In the first five months of 2025, the Wayback Machine captured snapshots of the Kyiv Post an average of 85 times per day. Between May 17 and October 1, though, the daily average dropped to one. For 52 days between May and October, the Wayback Machine shows no snapshots of the Kyiv Post at all. The Wayback Machine, an initiative from the nonprofit Internet Archive, has been archiving the webpages of news outlets — alongside millions of other websites — for nearly three decades. Earlier this month, it announced that it will soon archive its trillionth web page. The Internet Archive has long stressed the importance of archiving homepages, particularly to fact-check politicians’ claims. In 2018, for instance, when Donald Trump accused Google of failing to promote his State of the Union address on its homepage, Google used the Wayback Machine’s archive of its homepage to disprove the statement.

“[Google’s] job isn’t to make copies of the homepage every 10 minutes,” Mark Graham, the director of the Wayback Machine, said at the time. “Ours is.”

But a Nieman Lab analysis shows that the Wayback Machine’s snapshots of news outlets’ homepages have plummeted in recent months. Between January 1 and May 15, 2025, the Wayback Machine shows a total of 1.2 million snapshots collected from 100 major news sites’ homepages. Between May 17 and October 1, 2025, it shows 148,628 snapshots from those same 100 sites — a decline of 87%. (You can see our data here.)

While our analysis focused on news sites, they’re not the only URLs impacted. We documented a similarly large decrease in the number of snapshots available of federal government website homepages after May 16, during a period when the Trump administration has taken down pages on government sites and made changes, often without disclosure, otherwise known as “stealth editing.”

When we contacted Graham for this story, he confirmed there had been “a breakdown in some specific archiving projects in May that caused less archives to be created for some sites.” He did not answer our questions about which projects were impacted, saying only that they included “some news sites.”

Graham confirmed that the number of homepage archives is indicative of the amount of archiving happening across a website. He also said, though, that homepage crawling is just one of several processes the Internet Archive runs to find and save individual pages, and that “other processes that archive individual pages from those sites, including various news sites, [were] not affected by this breakdown. ”

After the Wayback Machine crawls websites, it builds indexes that structure and organize the material it’s collected. Graham said some of the missing snapshots we identified will become available once the relevant indexes are built.

“Some material we had archived post-May 16th of this year is not yet available via the Wayback Machine as their corresponding indexes have not yet been built,” he said.

Under normal circumstances, building these indexes can cause a delay of a few hours or a few days before the snapshots appear in the Wayback Machine. The delay we documented is more than five months long. Graham said there are “various operational reasons” for this delay, namely “resource allocation,” but otherwise declined to specify.

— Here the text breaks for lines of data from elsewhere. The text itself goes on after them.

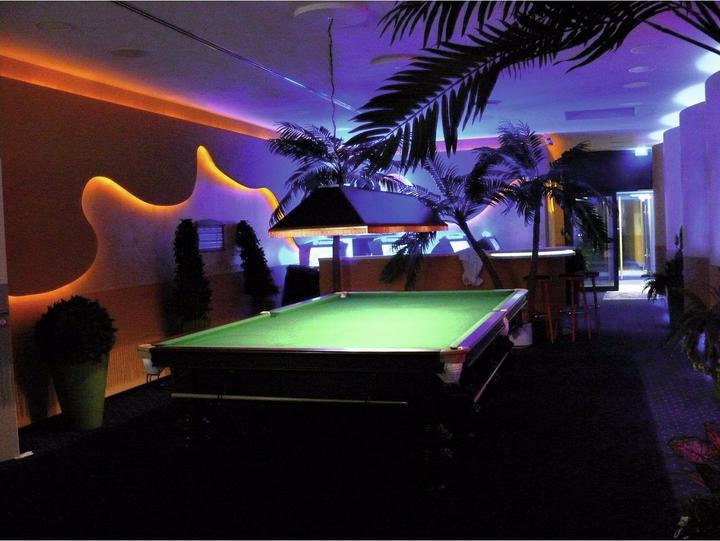 Produktbild Eurolite RUBBERLIGHT LED RL1-230V gelb 44m (Gelb, 4400 cm, Outdoor, Indoor)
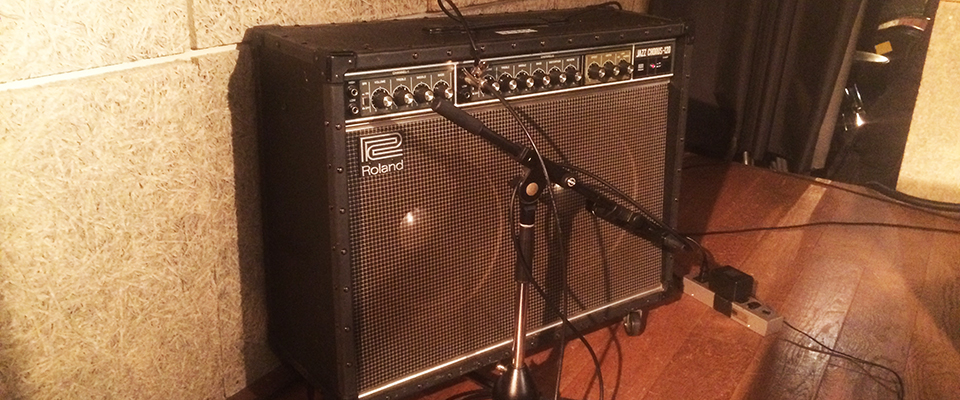 ROLAND JC-120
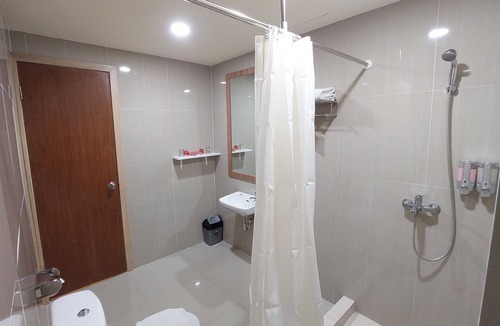 Palmerah Hotel | Moritz Hotel Rsab Harapan Kita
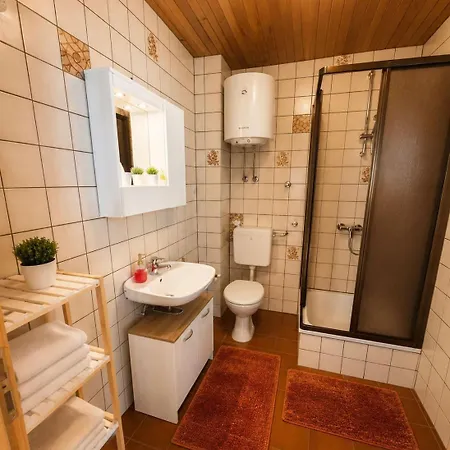 Mauro Apartmán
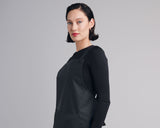 NANO Oversized svart på modell – Trend Design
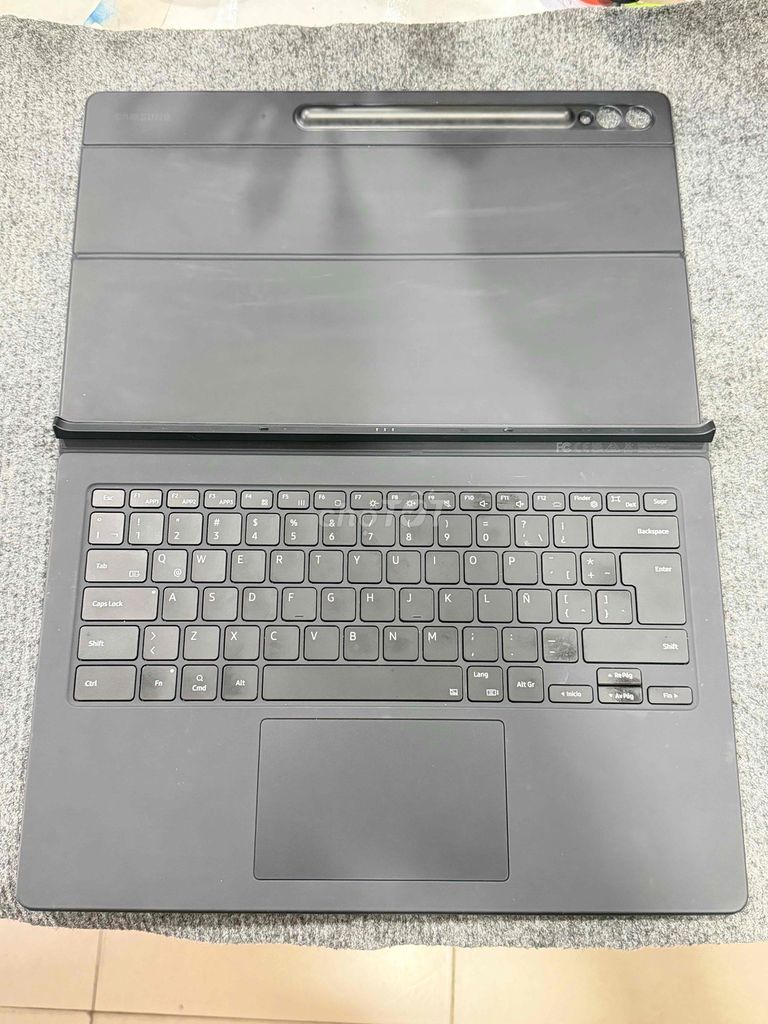 Bao da bàn phím Samsung Galaxy Tab S10 Ultra Đen. Mua bán Phụ kiện (Màn hình, Chuột...) tại Quận 10 Tp Hồ Chí Minh được đăng bởi RiOshop hình 1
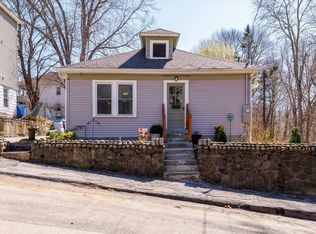20 Hill St, Webster, MA 01570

According to Graham, the “breakdown” in archiving projects has been fixed and the number of snapshots will soon return to its pre-May 16 levels. He did not share any more specifics on the timeframe. But when we re-analyzed our sample set on October 19, we found that the total number of snapshots for our testing period had actually declined since we first conducted the analysis on October 7.

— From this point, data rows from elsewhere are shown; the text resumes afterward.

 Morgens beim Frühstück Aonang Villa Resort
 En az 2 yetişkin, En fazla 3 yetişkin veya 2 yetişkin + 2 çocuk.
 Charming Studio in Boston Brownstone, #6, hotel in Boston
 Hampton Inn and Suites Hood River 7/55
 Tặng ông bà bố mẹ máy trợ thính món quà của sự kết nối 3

“It’s less [about] having that one daily snapshot and more about having archives that are responsive so that if something goes on in Minnesota, there’s an ability to turn up the dial and get it more often,” Milligan said.

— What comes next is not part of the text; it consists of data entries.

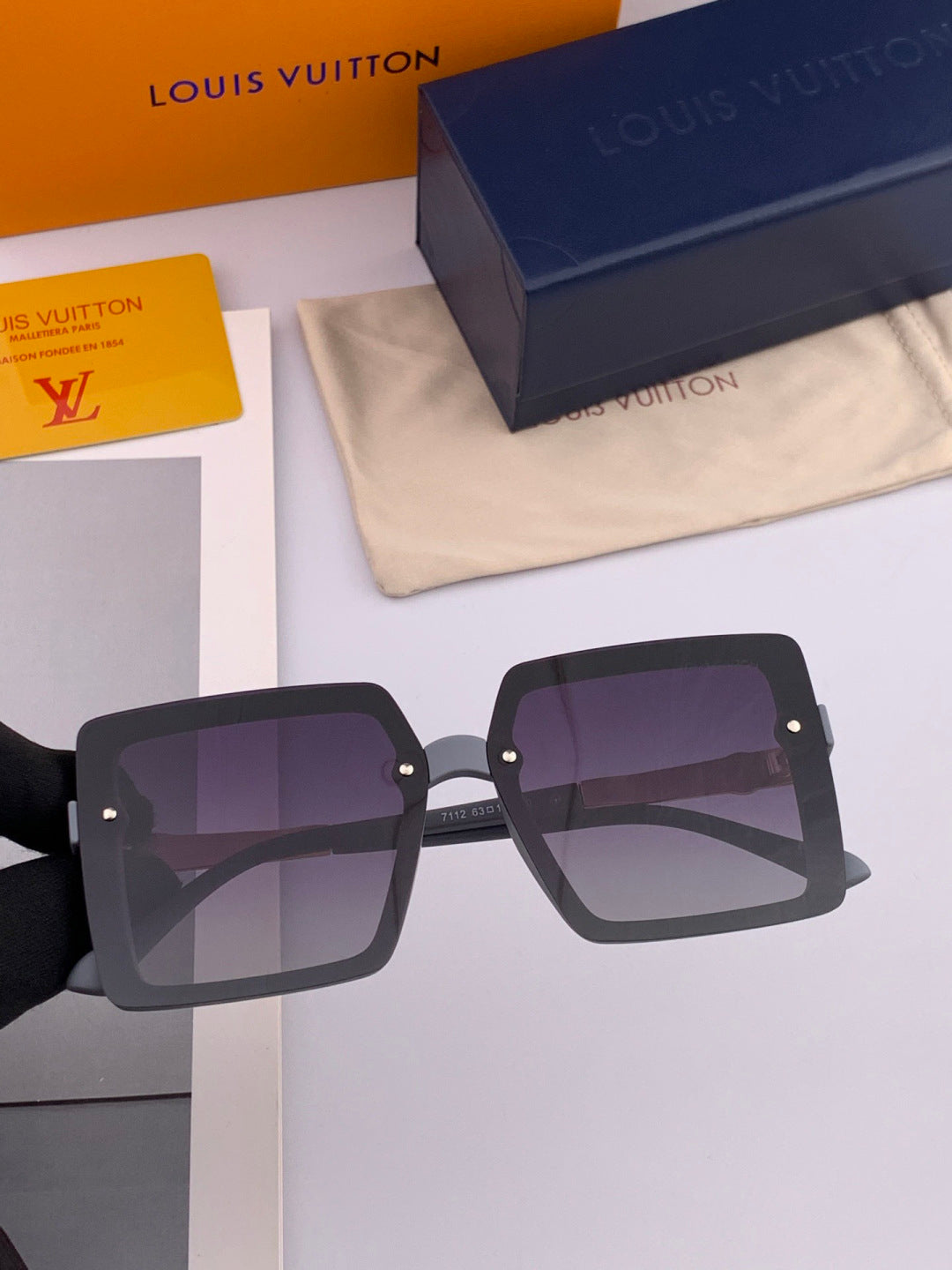 Louis Vuitton L2711 Polarized Square Red Lens Sunglasses for Men & Wo - 431289 - detail image 2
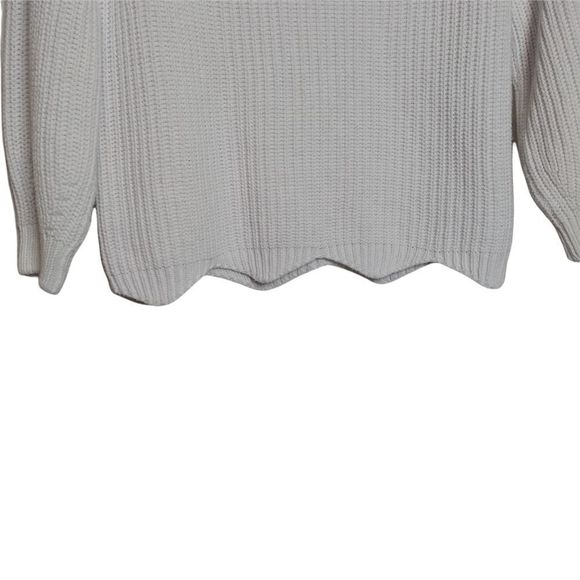 Zara Knitwear Summer Collection White Pullover Sweater Size 7 Scalloped hem. - Picture 2 of 6
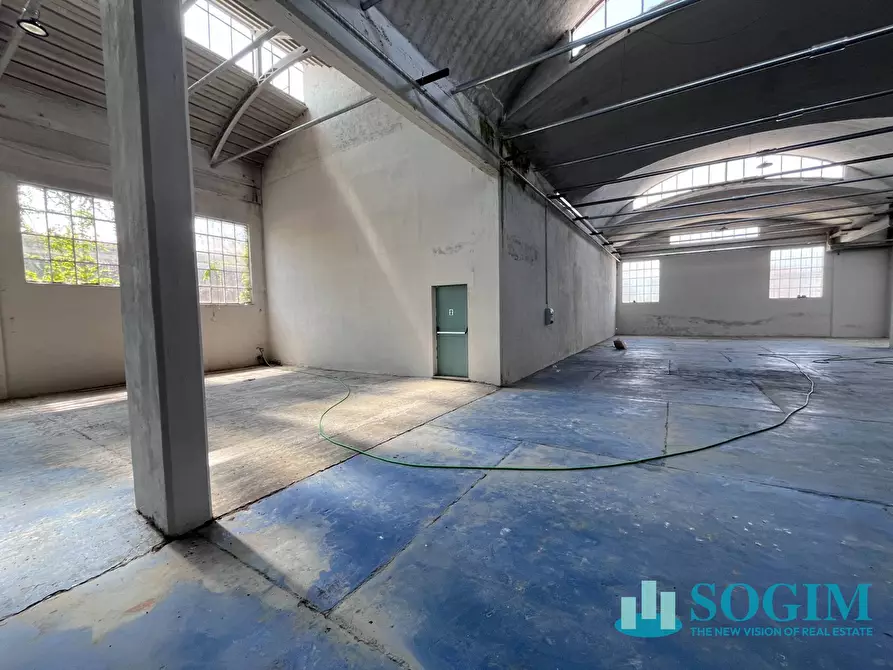 Immagine 4 di Capannone industriale in vendita  in via Silvio Pellico 38 a Abbiategrasso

Archiving homepages isn’t just important for historical records, though. Homepages are also one of the central ways the Wayback Machine finds individual pages to save.

“Your entry point to a crawl is generally the homepage, because the homepage gives you the map to the structure of what is underlying that page,” said Matthew Weber, a communications professor at Rutgers University who researches local news ecosystems using the Internet Archive, adding, “Crawling that initial page is critical to being able to archive and store the article page.”

Crawlers that are set to regularly archive news publications often treat homepages as “seed URLs.” The crawler gets to individual articles by “hopping” to links found on that homepage, such as promoted stories.

“It tends to be the case that a homepage will be the seed and then the way that the crawler gets to the individual articles is by finding links to them off that page,” Owens said. “For any given crawl, the person running it will set multiple seeds, scopes, and configure how many hops it should make.”

Weber said he would expect a drop in the homepage crawls to result in decreased article page crawls, too. While we did look into the frequency of article page archiving, we weren’t able to conduct a systematic analysis across our entire sample set. Graham told us that individual page archiving processes were not affected by the May breakdown.

None of the experts we consulted for this story had noticed the dip in news homepage snapshots until we brought it to their attention. While they were surprised by our findings, they also highlighted a larger issue in the United States: There’s no real mandate for the internet to be preserved at all.

Outside the Internet Archive, the Library of Congress operates perhaps the second-largest web archiving initiative in the U.S., but on a significantly smaller scale. According to Owens, who used to be the director of digital services at the Library of Congress, the project currently has “on the order of 20 billion archived resource files,” while the Wayback Machine archives more than 500 million URLs per day.

In France, for example, the National Library is required by law to preserve and make accessible all French websites and other digital works. That works for all .fr domains, but would be much harder in the United States, Weber said. “How do you preserve the entirety of the .com?”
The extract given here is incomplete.